**Source material:**

· · ·

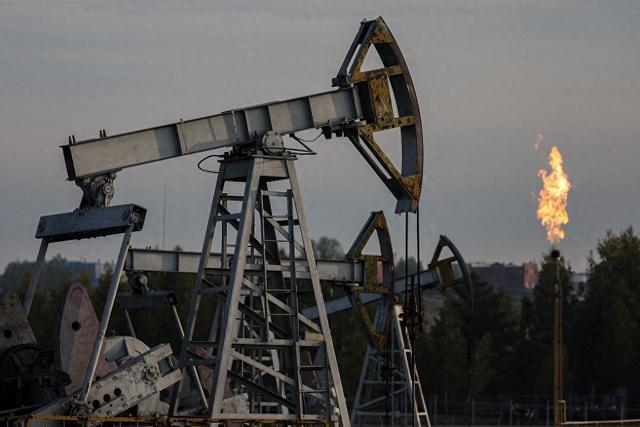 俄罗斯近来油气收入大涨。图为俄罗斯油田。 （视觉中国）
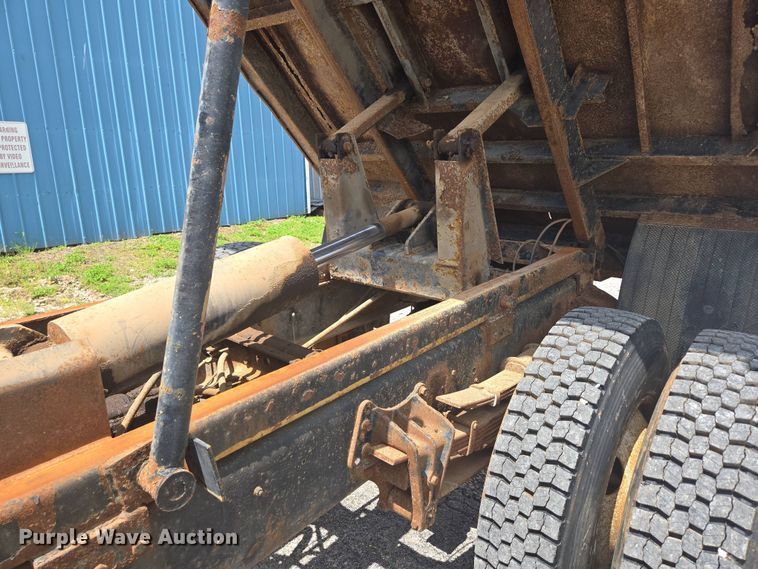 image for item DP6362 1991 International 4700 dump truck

· · ·

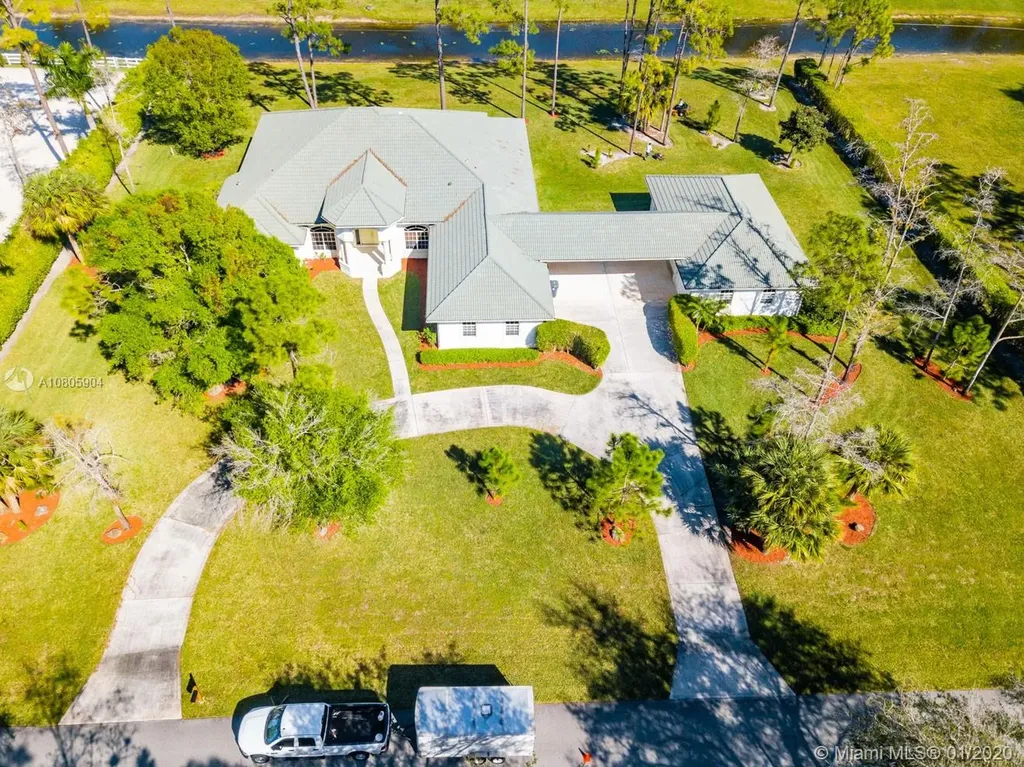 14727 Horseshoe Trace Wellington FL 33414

· · ·

**To do:** When you reach the line with "俄罗斯近来油气收入大涨。图为俄罗斯油田。 （视觉中国）" in the records above, start writing out each line exactly, and stop after the line with "image for item". Pictures stay out.

**Solution to this problem:**
 俄罗斯近来油气收入大涨。图为俄罗斯油田。 （视觉中国）
 image for item DP6362 1991 International 4700 dump truck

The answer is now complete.